■ YOUR TASK ■
Between the line containing "Toyota TRD Pro 4Runner Front" and the line containing "Plantillas recortables hombre cómodas" lies a run of lines; give that run again exactly, with both of those lines, and nothing else from the entries below.

■ MATERIAL FOR THE TASK ■
>>>
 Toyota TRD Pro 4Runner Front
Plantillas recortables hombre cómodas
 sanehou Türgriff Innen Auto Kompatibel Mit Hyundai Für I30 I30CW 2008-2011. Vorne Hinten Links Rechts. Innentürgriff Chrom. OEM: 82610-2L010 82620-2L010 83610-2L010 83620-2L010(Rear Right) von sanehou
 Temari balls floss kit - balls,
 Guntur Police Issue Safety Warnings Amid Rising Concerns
<<<
>>>
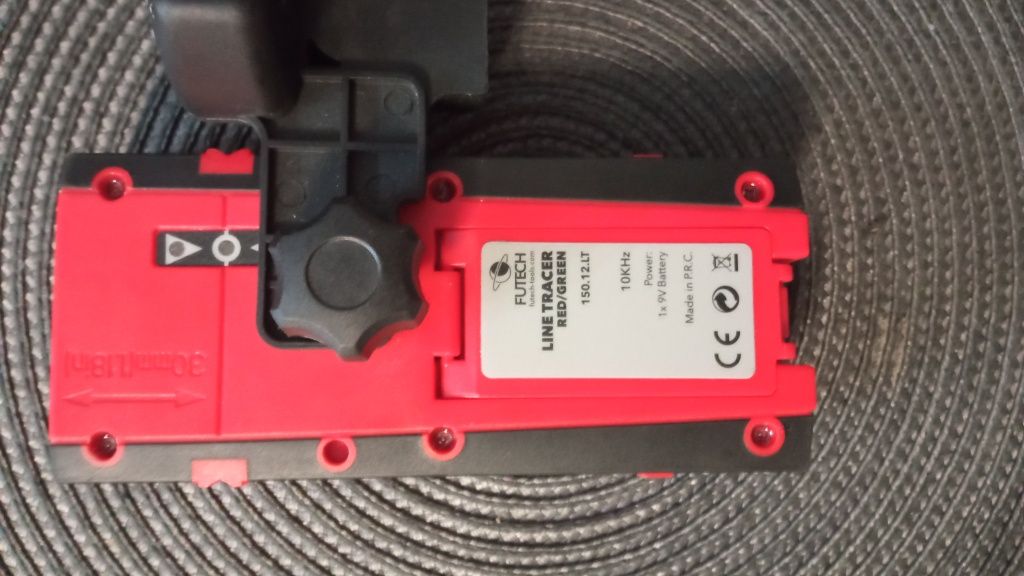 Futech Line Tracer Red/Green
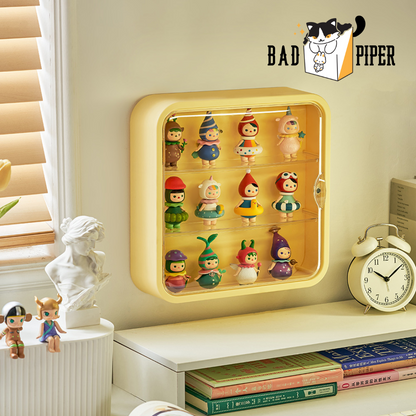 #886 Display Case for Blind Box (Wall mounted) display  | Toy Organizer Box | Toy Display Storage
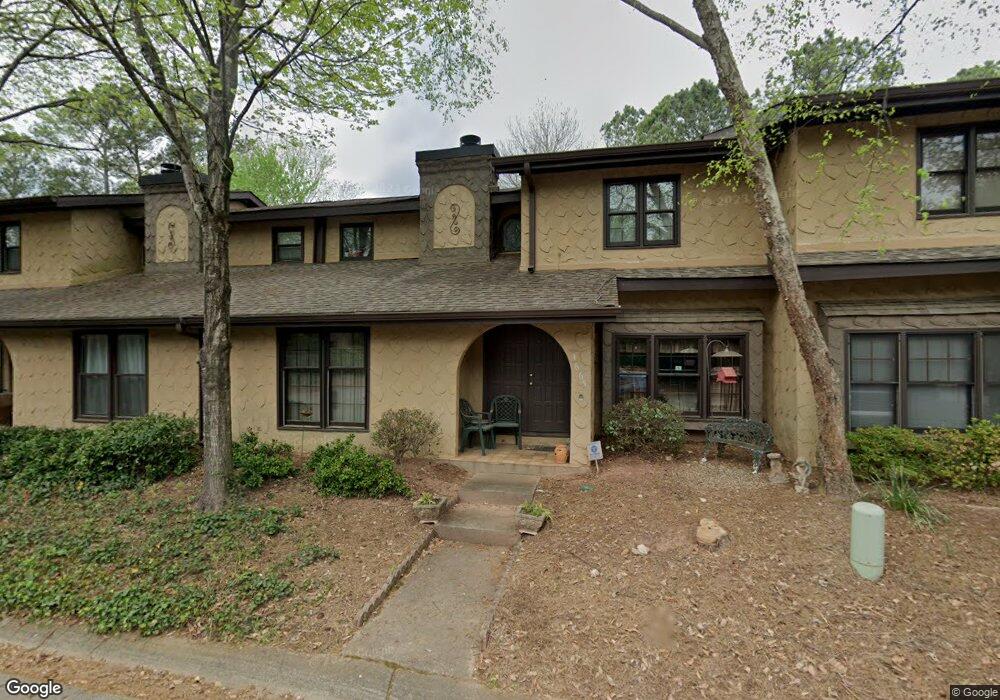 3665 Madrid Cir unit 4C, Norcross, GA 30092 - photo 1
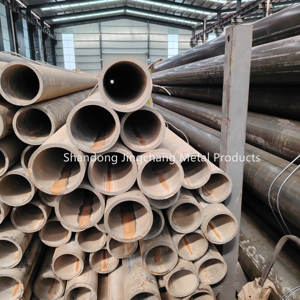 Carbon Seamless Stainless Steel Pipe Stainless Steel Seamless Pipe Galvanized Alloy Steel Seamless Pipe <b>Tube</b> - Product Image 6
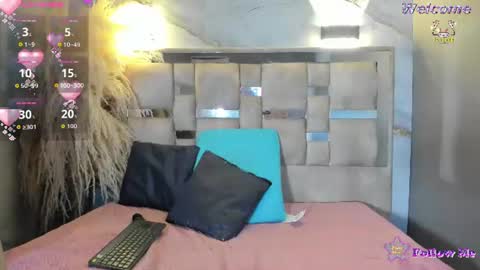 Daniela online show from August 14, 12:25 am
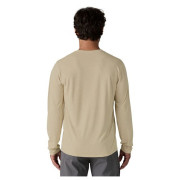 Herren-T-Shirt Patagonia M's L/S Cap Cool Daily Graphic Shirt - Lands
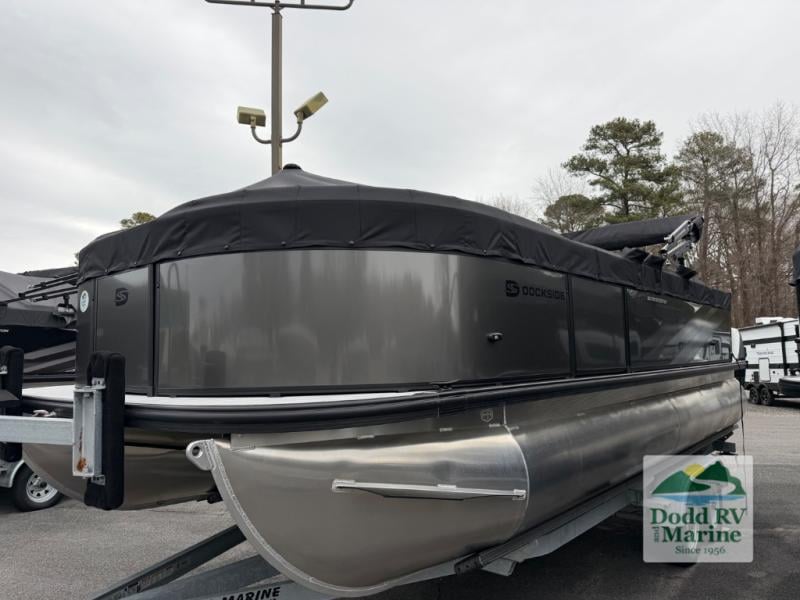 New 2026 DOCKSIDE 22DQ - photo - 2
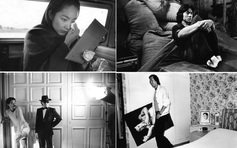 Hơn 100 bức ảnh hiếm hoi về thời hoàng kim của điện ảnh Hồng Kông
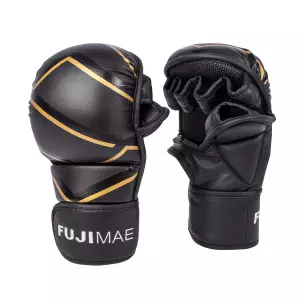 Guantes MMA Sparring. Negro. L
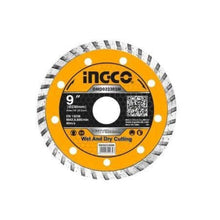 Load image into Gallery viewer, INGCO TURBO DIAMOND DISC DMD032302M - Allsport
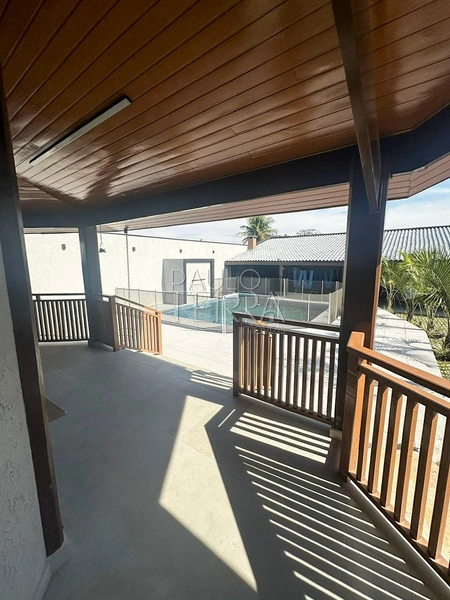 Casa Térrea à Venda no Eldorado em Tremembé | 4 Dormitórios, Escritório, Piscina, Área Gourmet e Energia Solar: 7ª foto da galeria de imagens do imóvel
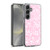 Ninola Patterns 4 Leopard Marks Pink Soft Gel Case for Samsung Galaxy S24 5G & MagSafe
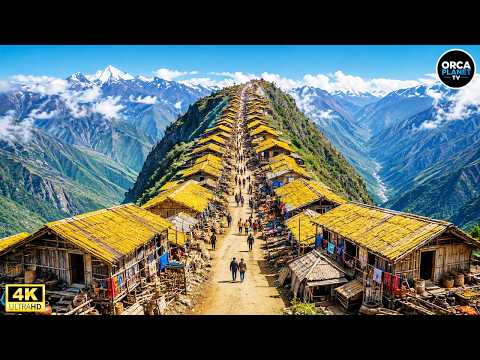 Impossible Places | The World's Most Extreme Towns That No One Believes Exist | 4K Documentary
<<<
>>>
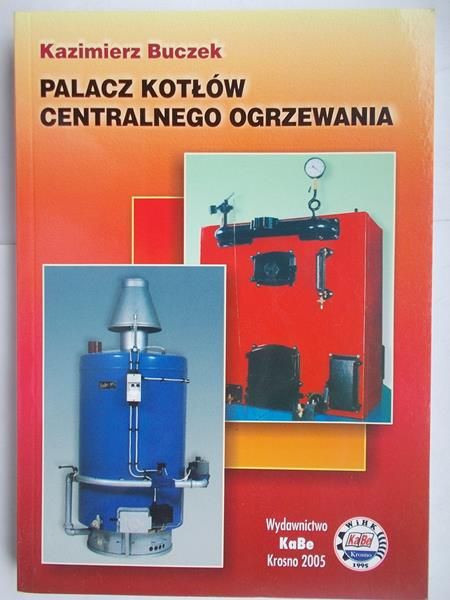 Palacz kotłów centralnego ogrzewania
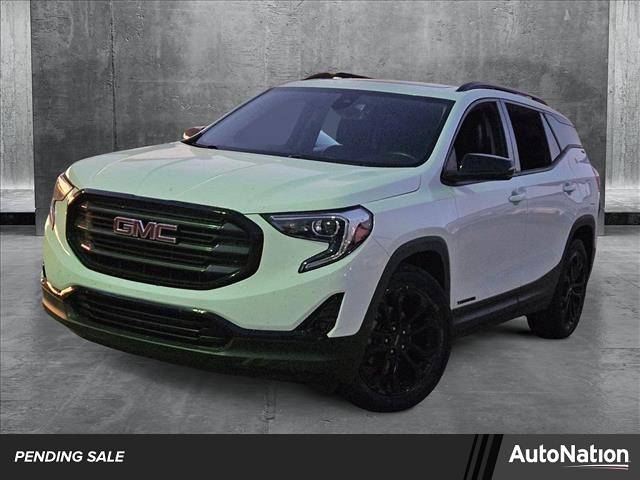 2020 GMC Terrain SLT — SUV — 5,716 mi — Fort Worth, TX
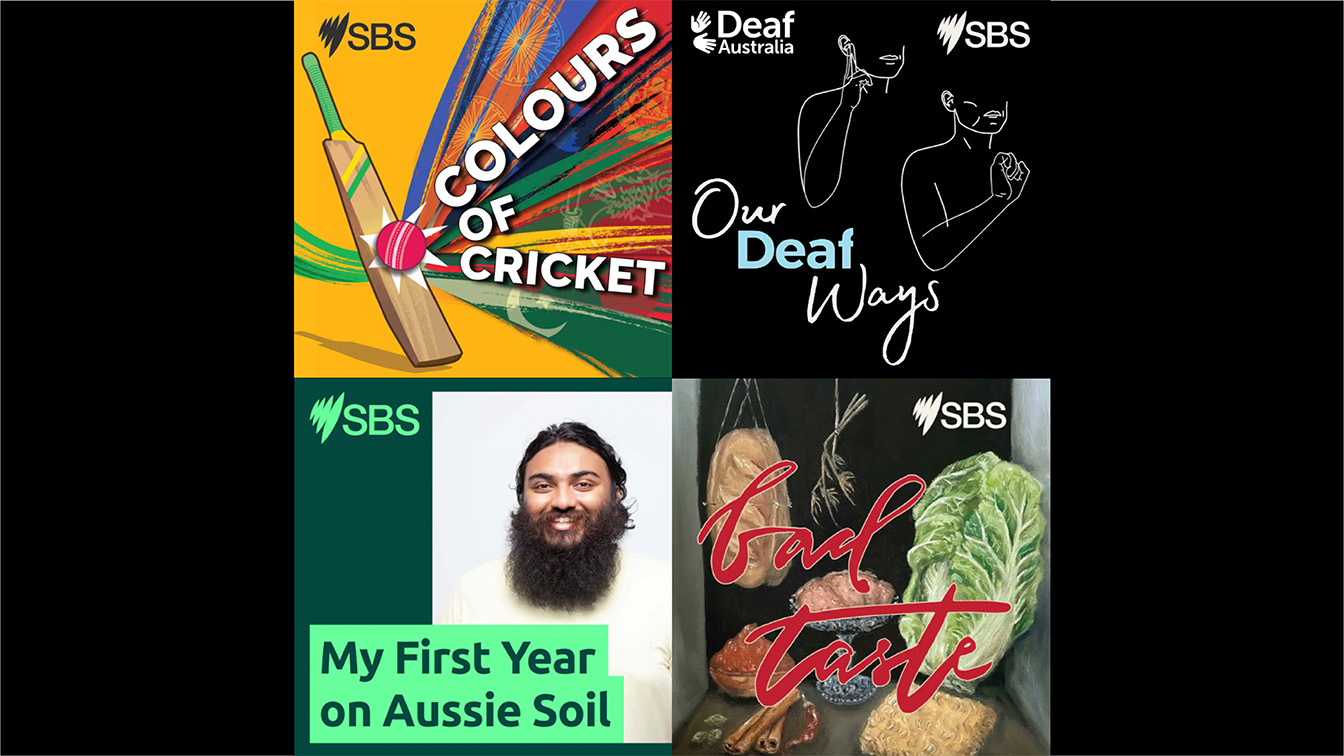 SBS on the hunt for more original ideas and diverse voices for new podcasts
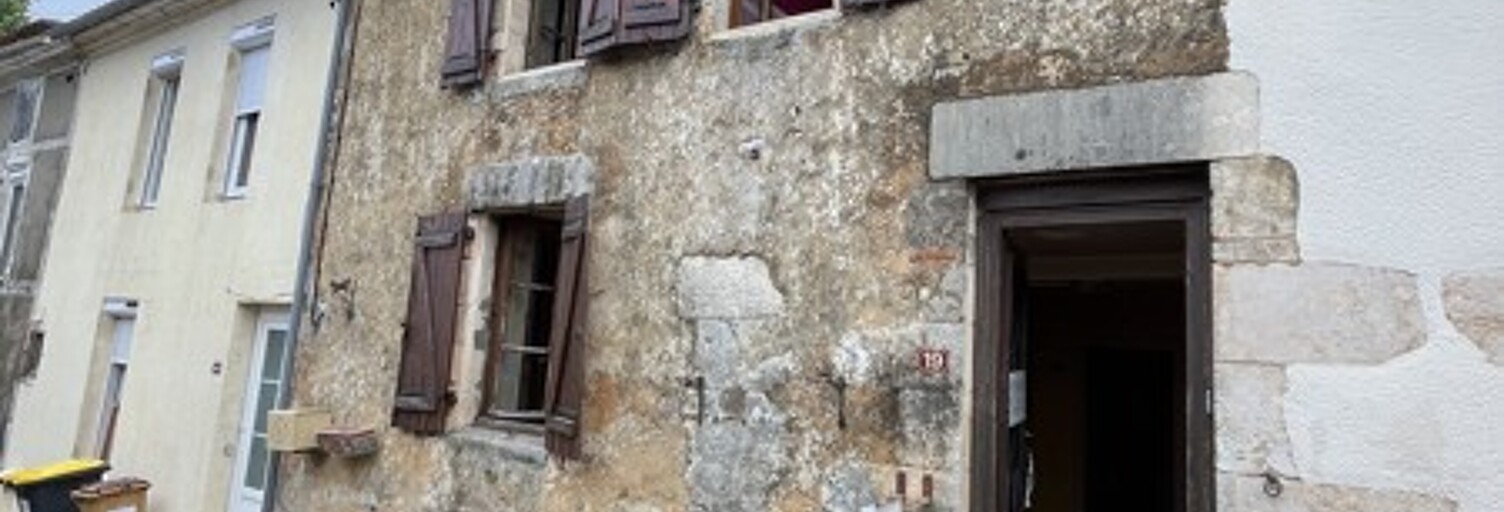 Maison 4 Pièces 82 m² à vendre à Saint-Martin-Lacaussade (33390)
<<<
■ FINISHED TASK ■
 Toyota TRD Pro 4Runner Front
Plantillas recortables hombre cómodas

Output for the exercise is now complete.